But in hindsight there were clues. For me, it was when months earlier he had handed me an envelope containing two pieces of paper — one typed and one handwritten — about my great-grandfather, who’d died long ago.
My grandfather asked me to read what was inside and see if I could make a story out of it. I was a journalism student in my early 20s about to head off to Ireland for a summer of travelling and waitressing and I tucked it in my suitcase. I read it in a cafe in Cork. I used to remember two things from it, now I only remember one: “He was a Grit, is a Grit, is a Grit,” and I recall thinking the Liberal leaning of a man long gone wouldn’t make a story anyone would run. And I forgot about it.
It would be too late once I realized that what he really wanted was for me to write an “in memoriam.” Like with the Emu, he’d wanted to pay tribute to his father and make amends — for reasons he never shared — in the time he had left.
Instead, I’d returned from Ireland, stopping by his house only to drop off a trinket.

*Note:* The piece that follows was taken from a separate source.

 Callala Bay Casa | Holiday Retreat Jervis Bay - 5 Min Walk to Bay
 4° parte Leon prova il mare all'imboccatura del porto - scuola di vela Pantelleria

And I’d gone back to school, returning home during reading week, which I spent catching up with friends, telling my parents I’d go by my grandfather’s next time.
It pained me when I finally understood how much I’d let him down — all the times I was too busy, too selfish, too distracted or naive, thinking there’d always be more time.
Since his death, my extended family has drifted, as extended families tend to do. We haven’t done a shot of Emu in years. Sometimes I think we’re all still grieving, and wonder if the pain of remembering his loss keeps us apart.
I have searched for that envelope at my parents’ house, which used to be his, but I’ve never found it.
What I have found is the book of 1970s bodybuilders that he gave me as a teenager, telling me to make sure my boyfriends measured up. And that makes me think of how he explained the fact my siblings and I each have a body temperature one degree below normal: a flying saucer hovered outside my dad’s window when he was a kid.
And of the story of how he forgot a bag of goldfish in the car in winter and when he chipped them out of the ice they all came back to life, except for one he accidentally chipped in half.
And I remember the day I left for Ireland, when he came over and shook my hand, slipping into it a $20 bill and a two-inch frame containing a picture of him and my grandmother.
And I try to appreciate all his little eccentricities and the time I had with him. And, like him, I try to make amends with the people in my life while I still can. I call my parents back when I miss their call. I do crafts with my niece and nephew. And I write that “in memoriam” for a newspaper. Well, sort of.
And I try not to let my grandfather’s memory be overshadowed by my own remorse. As Christmas dinner amongst family might be sweeter sharing his stories rather than shots of Emu.